YOUR ASSIGNMENT: Could you repeat exactly the lines below, from the line containing "Indoor 1-Port 802.3bt" through the last one, both included, while leaving out any pictures?

Collection entries:
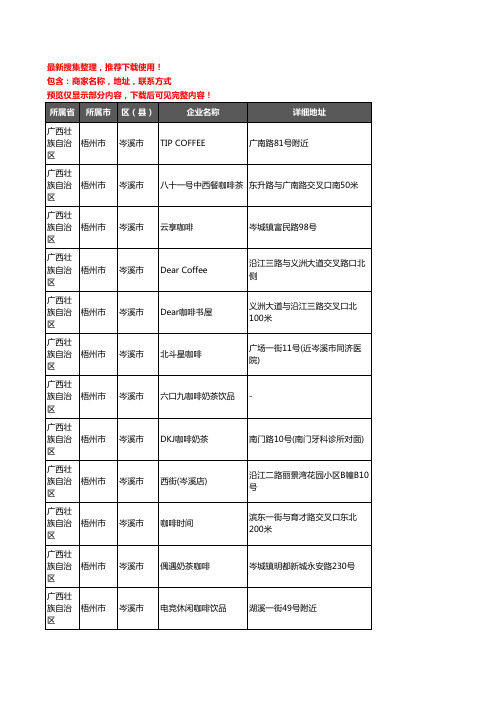 新版广西壮族自治区梧州市岑溪市咖啡厅企业公司商家户名录单联系方式地址大全15家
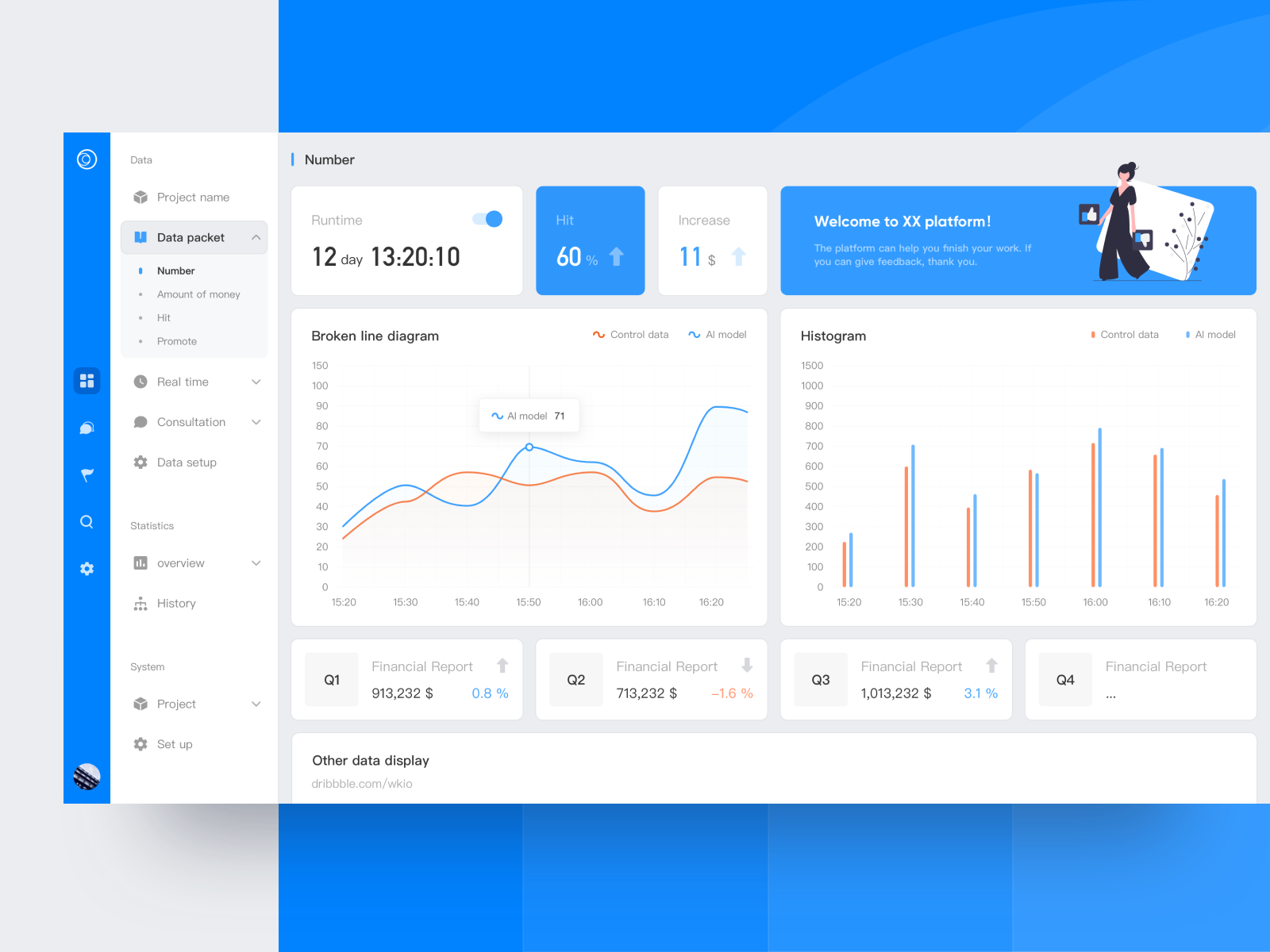 Dashboard Design by Wkio on Dribbble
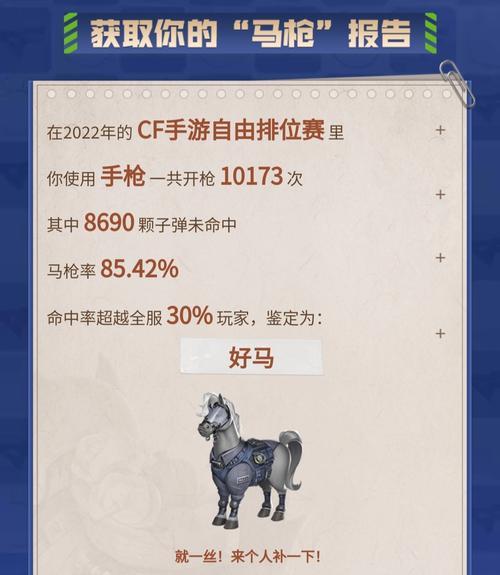 cf小马巅峰时期需要多少点券？点券如何获取？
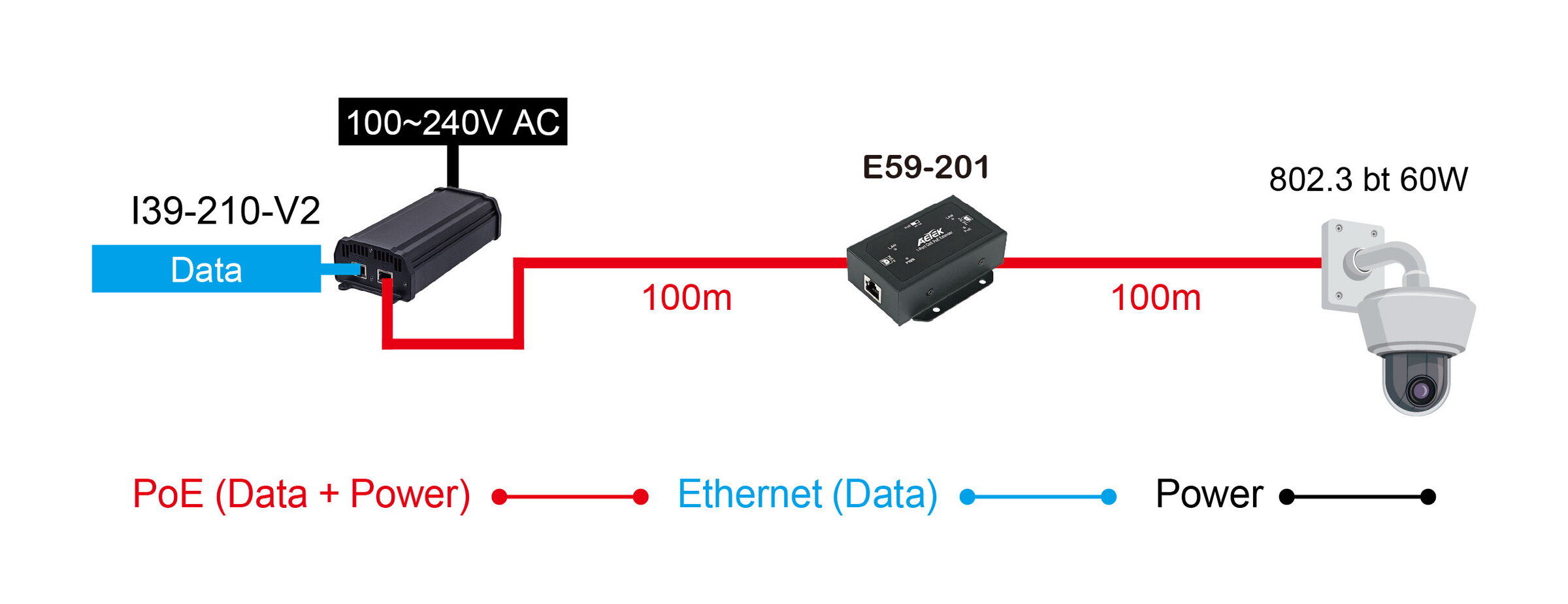 Indoor 1-Port 802.3bt PoE++ to 1-Port 802.3af/at/bt PoE++ Extender – image 3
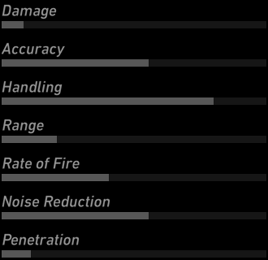 M9Stats
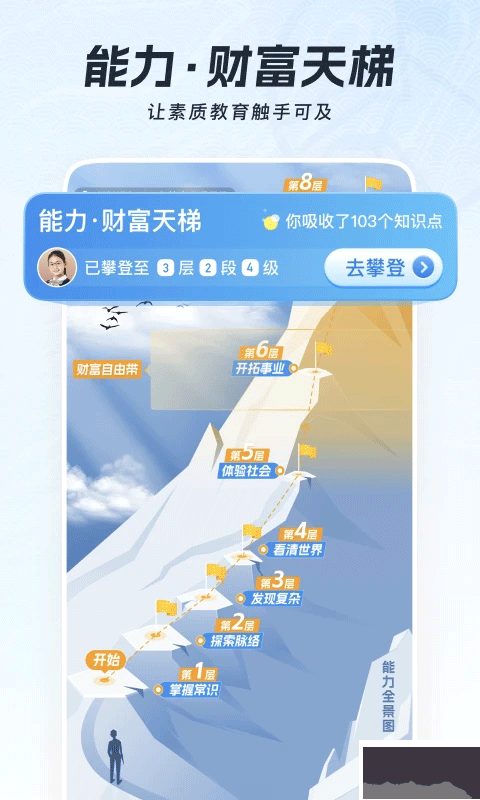 全知识
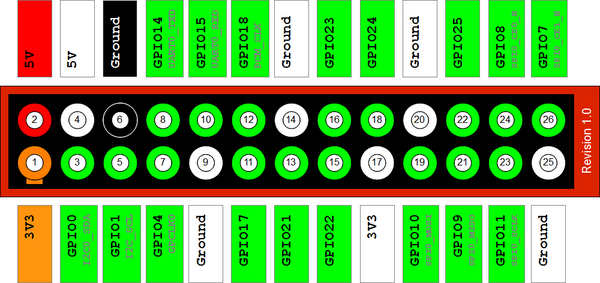 Raspberry-GPIO-Rev1.png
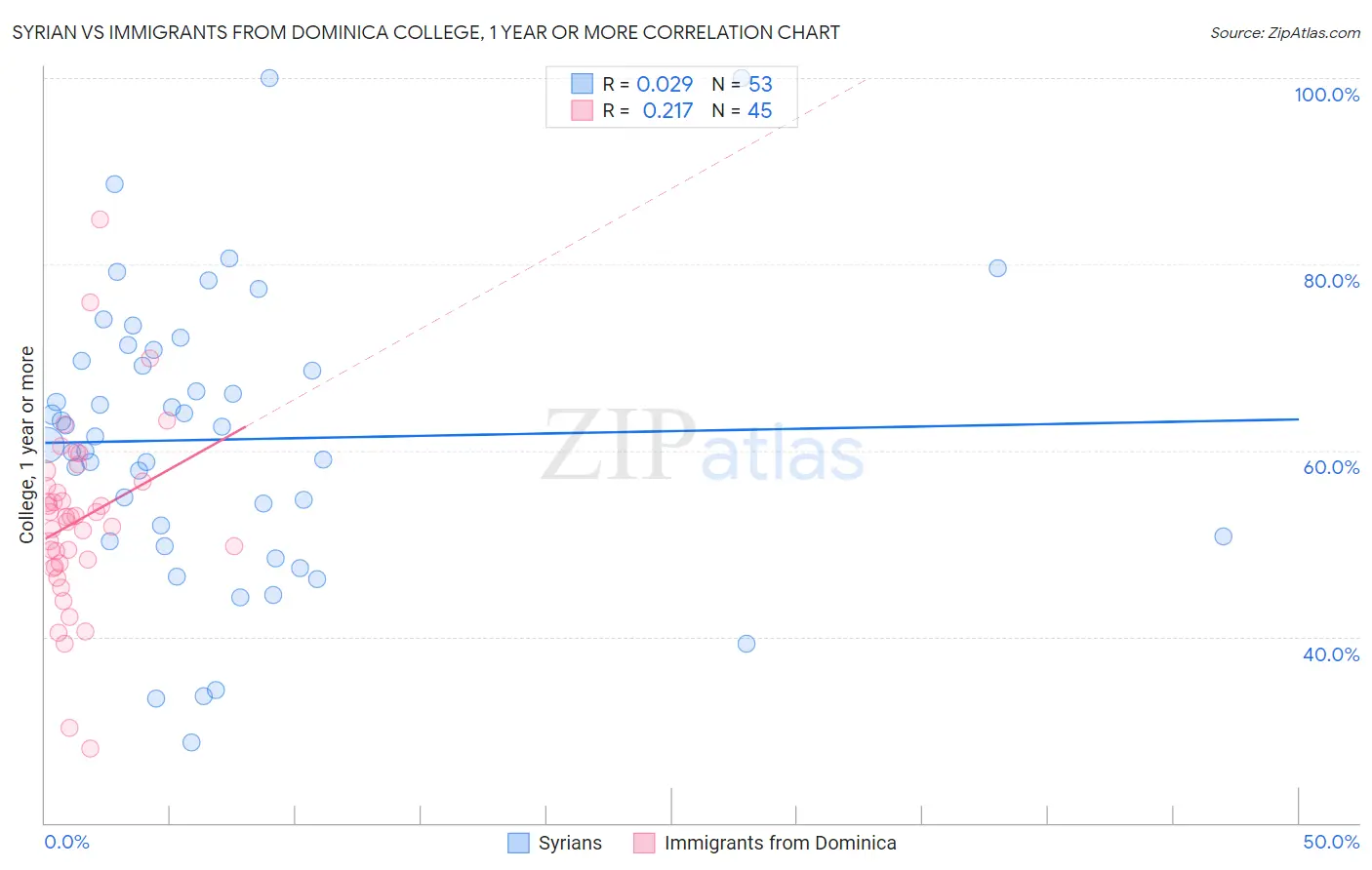 Syrian vs Immigrants from Dominica College, 1 year or more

WRITTEN ANSWER:
 Indoor 1-Port 802.3bt PoE++ to 1-Port 802.3af/at/bt PoE++ Extender – image 3
 M9Stats
 全知识
 Raspberry-GPIO-Rev1.png
 Syrian vs Immigrants from Dominica College, 1 year or more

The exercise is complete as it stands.